I came ready. Why not? I knew he’d wheedle it out of me eventually and I’d have to invent on the fly. “In 2001, Hiro Takasagawa was a safety engineer at Nissan. He was actually an artist—he built moving sculptures. But people didn’t buy them, so he had to take a real job with his skills.”

“The world is a difficult place for artists.”

“Yeah. But Hiro loved his job because his parents died in a car accident when he was really young. They rear-ended a truck on an icy road. He wanted to prevent that from happening to anybody else. So he designed a safety system for cars where there was a pair of mechanical white wings—a crane’s wings—folded underneath the car. And there was—a radar sensor or something on the front of the car, and if you were coming up on an obstacle too fast, the wings would open and start beating and lift the car over the obstacle. It would glide for a while and you could still steer in the air by using your steering wheel. Until you got to a place where you could land safely.”

Dr. Mendez looks genuinely absorbed in the story. “The year 2001. You were very specific about that.”

“So Hiro took the idea to his boss. The idea was to start putting it in 2002 Nissans. But his boss was furious. ‘Takasagawa, do you have any idea how much this will cost?’ He screamed. ‘But it works,’ Hiro said. ‘I built a prototype and tested it. What are people’s lives worth?’ And the boss is like ‘You idiot! We’re running a business here. You wasted time and money with this?! You’re fired!’ ” I’m getting into the story. I’m doing different voices for Hiro and the boss.

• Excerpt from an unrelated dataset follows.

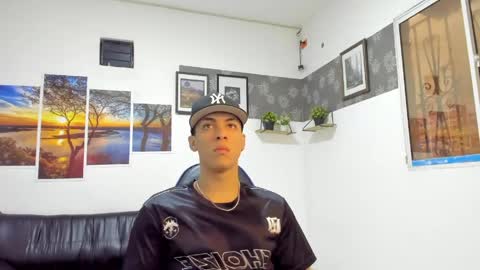noah_flynn1 online show from 05.04.26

“What’s the boss’s name?” Dr. Mendez asks.

“Yoshikazu Hanawa. CEO of Nissan in 2001. Looked it up.”

“Good,” Dr. Mendez says quietly. “Very good. Sorry. Please.” He gestures for me to continue.

I take a deep breath. “So Hiro leaves Hanawa’s office and he’s devastated. He thinks he failed his parents and brought dishonor to himself. So he goes and gets in his car and drives away. He intends to commit suicide. He tries to drive into the side of a building, but at the last second, a pair of gleaming white crane’s wings unfurls from beneath his car. And the thing is, he wasn’t driving his prototype. These just appear. They carry him up, up, over the building, into the sky. And he never comes down. He’s still soaring on those wings.”

There’s a long pause before Dr. Mendez says: “And Mars drove—”

“A 2002 Nissan Maxima.”

“Unequipped with Hiro’s wings.”

“It would have been too expensive.”

“But if Mr. Hanawa had approved Hiro’s idea—”

“Then even though Mars was texting, the wings would have carried him up over the truck.”

“Billy Scruggs’s truck.”

“Right.”

“No matter what you did or didn’t do.”

“Right.”

“How did it feel to tell that story?”

“Like I’m still lying to myself and trying to blame someone else.”

“Why?”

“Because. Hiro’s story didn’t really happen.”

Dr. Mendez tilts his head with a gleam in his eye and I see the question.

“Fine,” I mutter. “I don’t know.”

Dr. Mendez smiles broadly. “So. How are you?”

I chew on the inside of my lip. “I talked with the cops the other day about the accident. Well. I sat in a room with cops while they asked questions that my attorney said I wouldn’t answer.”

“I’m not used to praising my clients for refusing to talk, but good job.”

“Why good job?”

“Do you remember what we discussed last visit? How we seek causality where there may be none?”

“You don’t think I should accept blame for this right now.”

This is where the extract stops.